Other suitable plant groups to choose from are rockery and alpine plants, as they already have the ability to survive very inhospitable conditions.

In fact, they prefer them!

Even moss and ferns have found their proponents, especially in shady conditions.

The depth of the soil has up to now been the limiting factor due to the weight, as well as the need for more irrigation for establishment of some species.

In some cases, the lack of mycorrhizae has been a disadvantage for some plants, but now is becoming a more common addition to the soil.

This will increase the number of available plants that can be grown on green roofs.

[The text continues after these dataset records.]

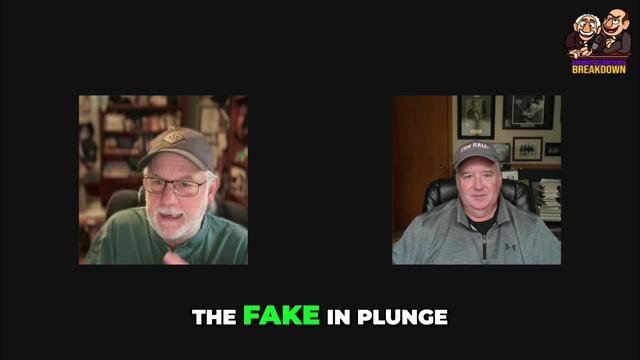 Vikings Coach Praised! Is JJ McCarthy The Real Deal 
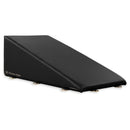 PILATES EDGE, SOLD AS EACH MERRITHEW 10000956
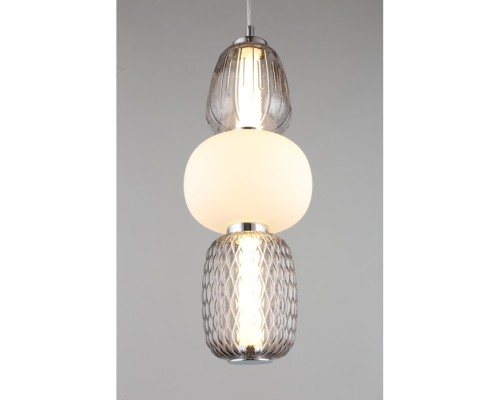 Подвесной светильник Oliwcia APL.319.06.29 Aployt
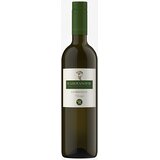 Vinarija Radovanović Belo vino RADOVANOVIĆ Chardonnay 0,75l | Eponuda.com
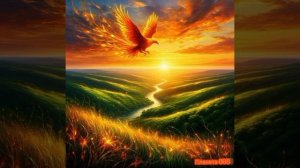 Рождённый ползать.mp4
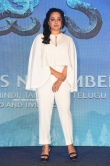 Nithya Menen in white dress (14)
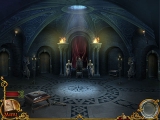 The World`s Legends: Kashchey the Immortal screenshot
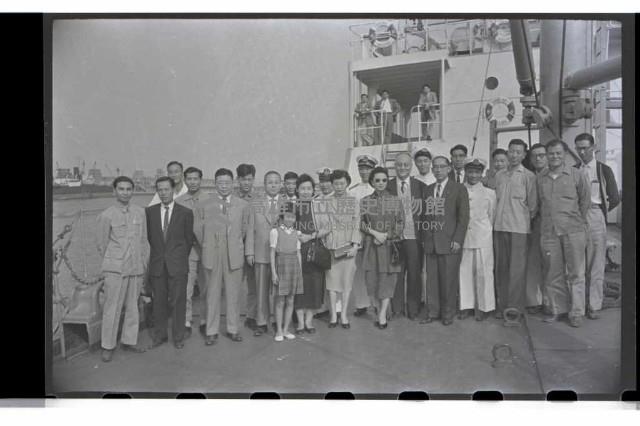 登錄號:KH2002.008.0001藏品圖，第18張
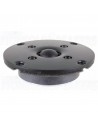 SB ACOUSTICS SB19ST-C000-4 - Tweeter Ferrite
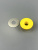 00002224-3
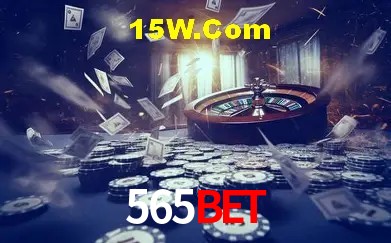 565Bet Salvador - Football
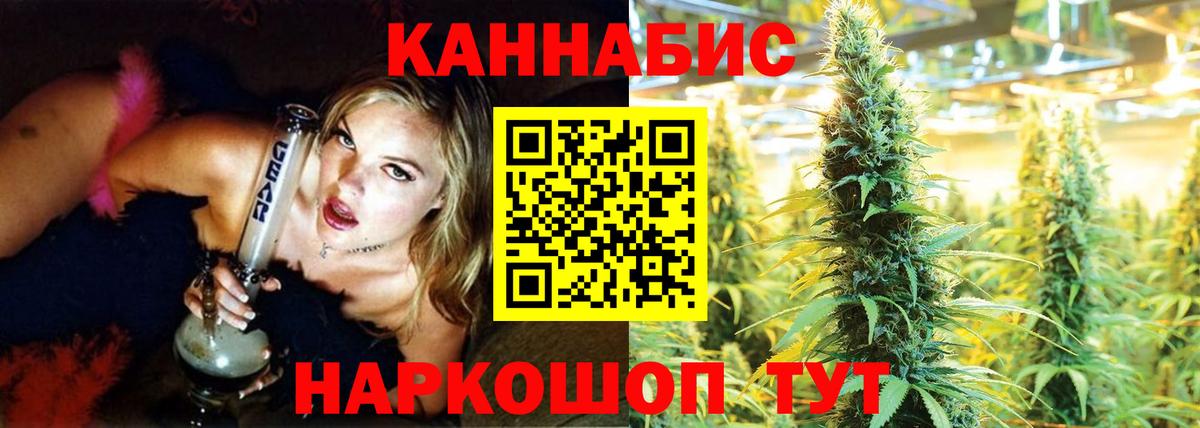 Бошки Шишки гибрид Волоколамск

Advantages of many different plants grown together on a green roof:

  • Bio-diversity makes for better wildlife habitat as each insect or creature finds food and shelter suited to it, and a complex ecology will evolve.
  • It also ensures that there will always be some plants that survive and adapt to the conditions, rather than having a monoculture of only one type of plant, which could become susceptible to a disease or have a specific cultural preference.
  • Finally, beauty! In a savanna or meadow different plants blooming and ripening at varying times will create an ever changing display of colour and texture.

Being such a new technology, there are bound to be bumps in the road, and as more professionals gain more knowledge it will become easier to find the information needed to put in place a successful green roof, with gorgeous year round colour, wildlife habitat and erosion control.